The Infernal Armis pulsed once, and the cracks began to seal as the artifact drew upon reserves that transcended normal understanding. The damage was significant, but not permanent.

"But it wasn't enough," Arthur whispered, feeling his strength finally give out as the technique's completion left him utterly drained.

Gideon's counterattack came with the fury of someone genuinely threatened for the first time. The molten axe carved through the air in a strike that promised to end everything, while the Infernal Armis channeled power that sought to impose absolute destruction.

Arthur tried to raise Nyxthar in defense, but his body betrayed him. His muscles, pushed beyond breaking by the strain of channeling Grey, simply refused to respond. His vision blurred as his broken Unity finally collapsed completely.

The axe struck with mountain-shattering force, launching Arthur's body across the battlefield like a broken doll. He felt ribs crack, felt organs rupture under the tremendous impact, felt consciousness beginning to fade as his form approached complete failure.

He was falling, the ground rushing up with fatal certainty, when something impossible happened.

A single crimson thread caught him.

Not rope or chain, but a strand that looked like crystallized light, materializing from nowhere to wrap around his torso with gentle precision. The thread stopped his descent as easily as if he weighed nothing, holding him suspended while its surface pulsed with inexplicable energies.

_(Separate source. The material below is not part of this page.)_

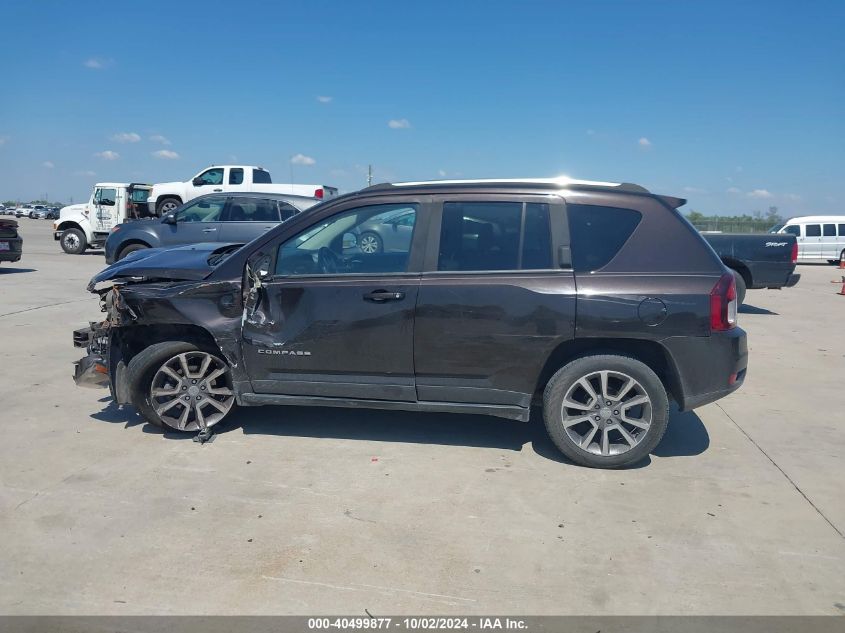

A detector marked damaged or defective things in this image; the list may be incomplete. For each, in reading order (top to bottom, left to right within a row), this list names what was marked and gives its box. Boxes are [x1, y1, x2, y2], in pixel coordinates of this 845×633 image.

crumpled hood [85, 242, 241, 292]
damaged dark gray suv [72, 177, 744, 464]
broken front bumper [73, 324, 110, 388]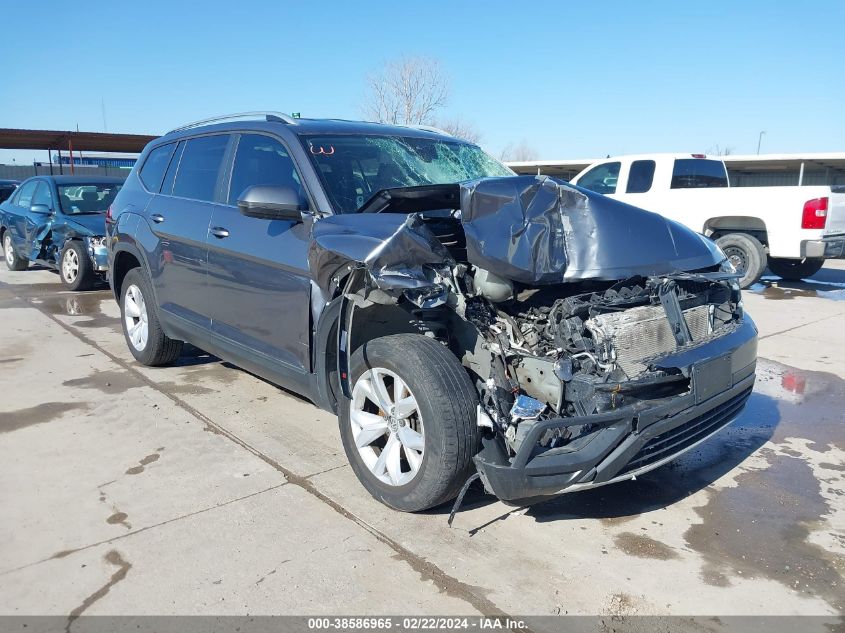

Gideon's follow-up attack came immediately—the molten axe carving toward Arthur's helpless form with enough power to end the fight permanently. But when the weapon struck the crimson thread, something unprecedented occurred.

Nothing happened.

The Infernal Armis, one of the seven most powerful artifacts in existence, simply could not cut through the delicate strand. The axe's edge, wielded by a transcendent being, met the thread and stopped as though it had struck something fundamentally immutable.

"What?" Gideon breathed, striking again and again, each blow failing to even scratch the strand's surface. "What power dares interfere with my authority?"

But the thread offered no explanation. It simply held Arthur suspended above the battlefield, pulsing with quiet confidence that suggested its presence was both intentional and absolute.

Arthur's consciousness hung by the same delicate strand that supported his body, his vision fading as his shattered form struggled to maintain function. Through the haze of approaching unconsciousness, he felt something stirring in the depths of his being—not the broken Unity that had failed him, but something else entirely.